[r6rs-discuss] Why is (eqv? g g) unspecified when g is a procedure?
cowan at mercury.ccil.org
Tue Jul 17 21:15:37 EDT 2012
will at ccs.neu.edu scripsit:
> > Different definitions for different contexts. SML equality has ad-hoc
> > polymorphism; Scheme `eqv?` has universal polymorphism.
> That's news to me. Which of the Scheme reports/standards do you wish
> to cite as your source?
Any of them will do: given two values x, y, `(eqv? x y)` answers either
#t or #f. This is not the case in SML, where values cannot be compared
unless they have the same type, and only certain types can be compared
for equality at all.
> And how do you reconcile your just-so story with the change made long
> ago, when both (eqv? (vector) (vector)) and (eqv? (string) (string))

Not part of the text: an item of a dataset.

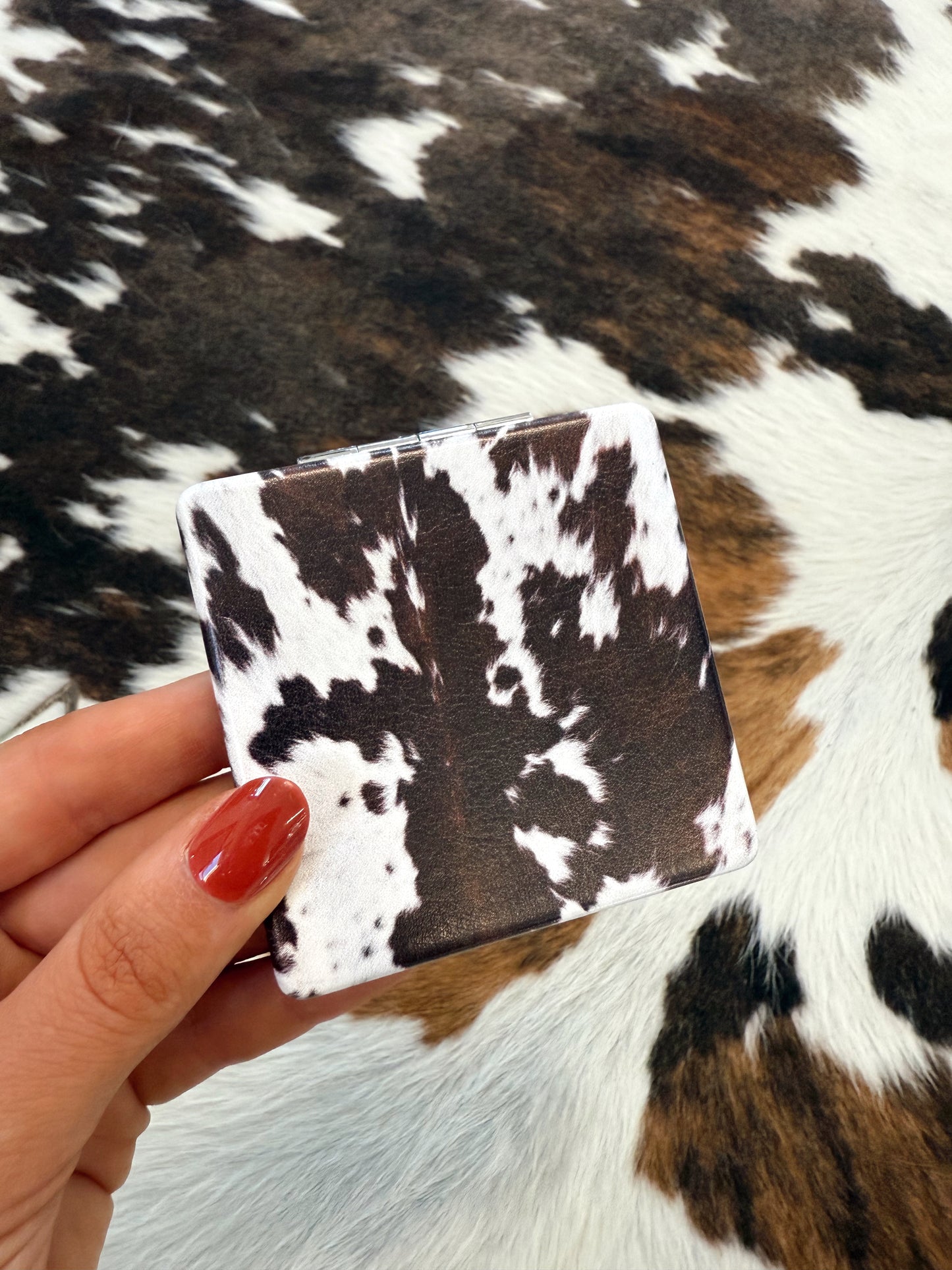 Cowhide Print Compact Mirror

> were required to return true?
I don't understand the relevance of this question.
> > In SML, almost
> > everything is immutable, and Leibniz's criterion doesn't apply.

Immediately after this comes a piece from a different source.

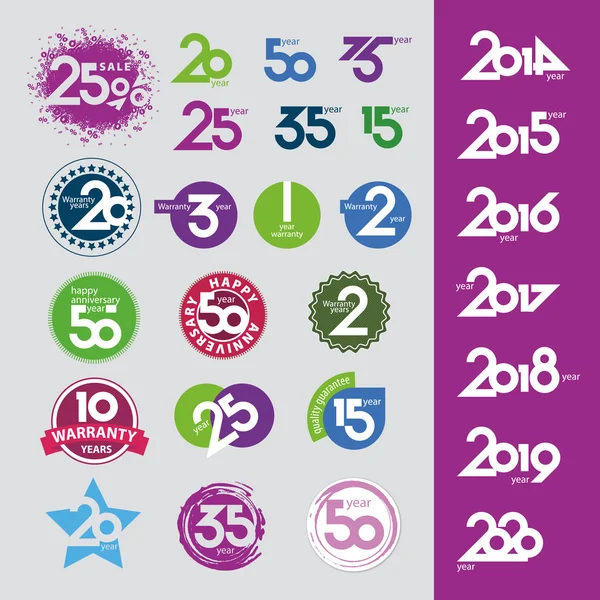 Raccolta di icone vettoriali con date di numeri anniversari — Vettoriale Stock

> In Scheme, procedures have never been immutable (although they can
> refer to mutable objects), so I guess Leibniz's criterion doesn't
> apply to procedures.
I suppose you mean "have never been mutable". But Leibniz's criterion is
that identical objects are indiscernible rather than that indiscernible
objects are identical, so I ought not to have referred to it.